It's tough being the girl seeking out love. It's even tougher when you're going about the search in all the wrong ways. Rather than looking for all of the qualities you once swore would be your perfect guy, now you're ignoring some of your biggest turn-offs all because he says he loves you. It's easy to get swept up in someone else's words when they start spewing words you've always wanted to hear. We've all been there, loving a guy too much while everyone else can see he doesn't care for you the same. We become blinded by his charming text messages, which have only become so charming because he's practiced these same words on so many girls before. You know his history, but you swear he's different now because he's met you. You swear he will change for you because you're the one for him to end up with. He'll drop all of his bad so he can be good enough for you, when in reality you're the one who is changing. You're no longer ambitious and light-hearted, you're becoming lost in this guy. Winning him over is the only thing you're focused on now, besides making up excuses for him. In the end he breaks your heart and you're totally bummed. You give him your all and all he did for you was rip you apart. You know you were great and that you didn't deserve this. So now you are on the outlook for a man who will appreciate you for all the great things you do and know he's hit the girlfriend jackpot. You begin thinking every guy around you is a potential suitor. But you are not a magician. Stop trying to turn nothing into something.

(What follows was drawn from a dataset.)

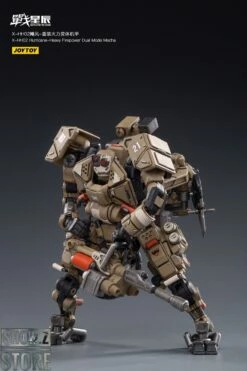 JoyToy Source 1/18 X-HH02 Hurricane Heavy Firepower Dual Mode Mecha Sand Version -Action Figures Store d4e4af5117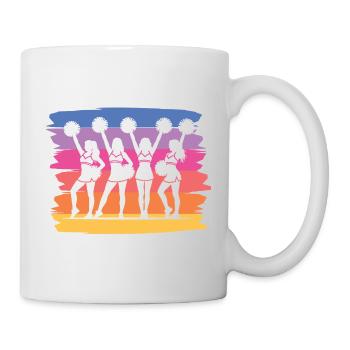 Cheerleader Cheer Mom Cheerleading - Mug - white - Right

I was in those shoes once. I wanted to find my perfect guy more than anything else. I began looking past all flaws and focusing on any shred of hope there was for a guy to be right for me. I was really lost in the pursuit of love. I know exactly what you are feeling and what you are doing. You no longer have guy friends, they've all become "maybe," as in maybe we're supposed to be the best friends who fall in love. Maybe we broke up because we're going to find our way back to each other after we've matured. Or, my favorite, maybe we have three classes together, not because we have the same major and they're the best times these classes were available, no it's because maybe we are supposed to meet each other and fall in love.
See what I learned from being that girl is that you aren't really looking for love, rather you're looking for validation that you are in fact lovable. Those guys you loved who did not return the same feelings to you, broke you down. The first guy upset you, the second one didn't know what he was losing, but the third one is the one where it all started to turn around. That third guy started to wear on your self esteem. What did I do wrong? What is it about me that makes guys want to leave me? Now you're dating life isn't for the thrill of finding the right guy, now it is a test to gauge whether or not you are worth being loved.
I am telling you now, this is not the way to go. Whether a guy wants to date you or not does not determine your worth. The day you realize that is the day your life will completely turn around. When you no longer search for validation in the opinion of some guy you had dinner with will be the same day you wake up in the morning and feel pride in being you. Loving yourself is the true key to being happy. Once you love yourself, that is when finding someone else to love you will no longer be top priority, instead it will be a nice bonus onto your already happy life.
Guys are not the key to your happiness, you are.